(STORED DATA):

%%

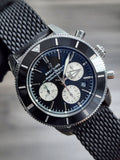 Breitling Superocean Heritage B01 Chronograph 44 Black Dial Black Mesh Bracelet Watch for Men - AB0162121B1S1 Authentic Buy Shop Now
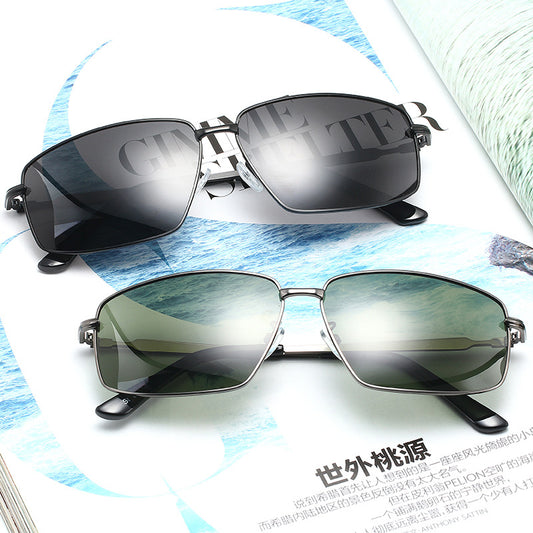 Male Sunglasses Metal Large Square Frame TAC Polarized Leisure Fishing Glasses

%%
%%

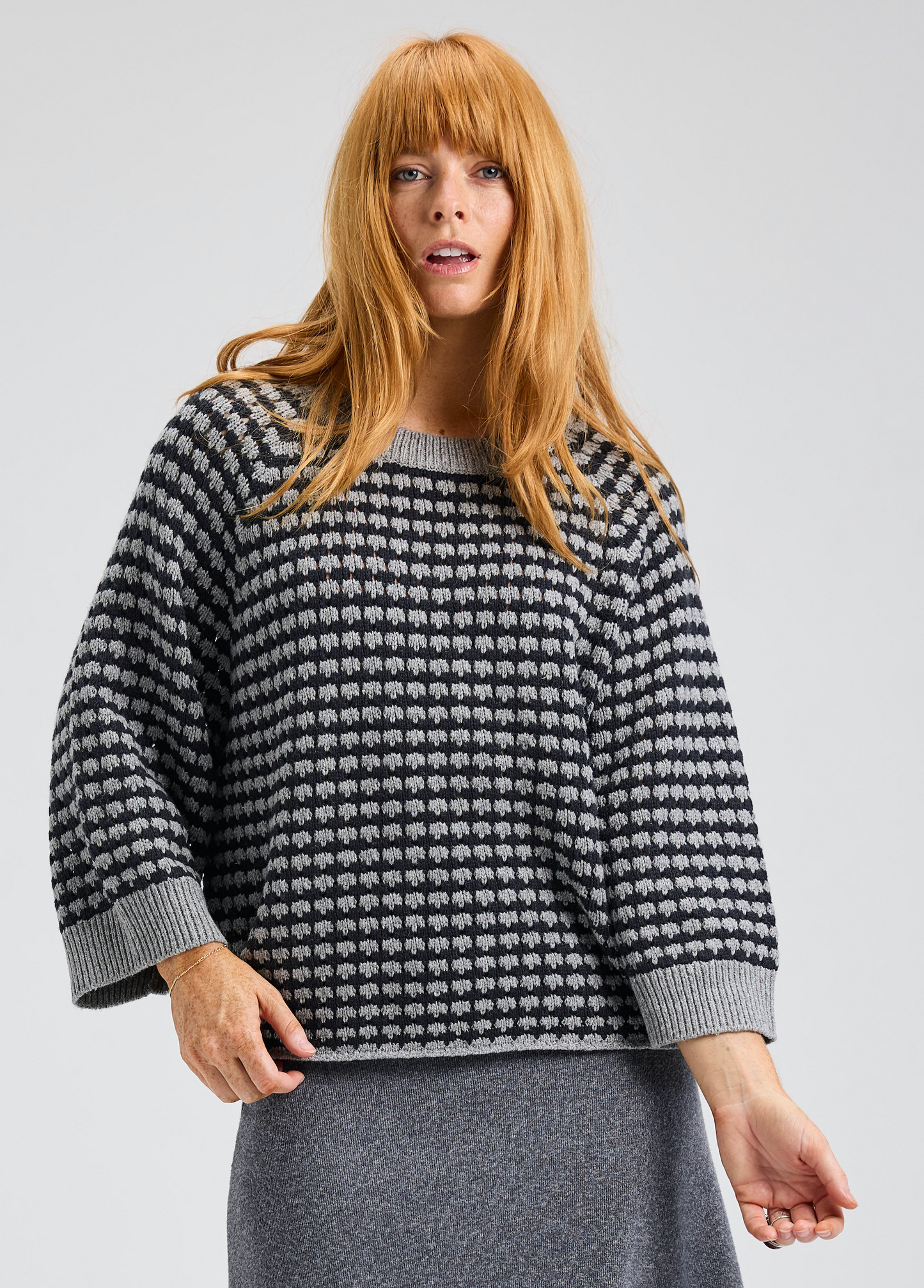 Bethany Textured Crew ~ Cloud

%%

(ABOUT THIS TASK):
Starting at the line above that contains "Breitling Superocean Heritage", transcribe every line exactly through the line that contains "Male Sunglasses Metal", including that last one, and skip the pictures.

(RESPONSE TO THE TASK):
 Breitling Superocean Heritage B01 Chronograph 44 Black Dial Black Mesh Bracelet Watch for Men - AB0162121B1S1 Authentic Buy Shop Now
 Male Sunglasses Metal Large Square Frame TAC Polarized Leisure Fishing Glasses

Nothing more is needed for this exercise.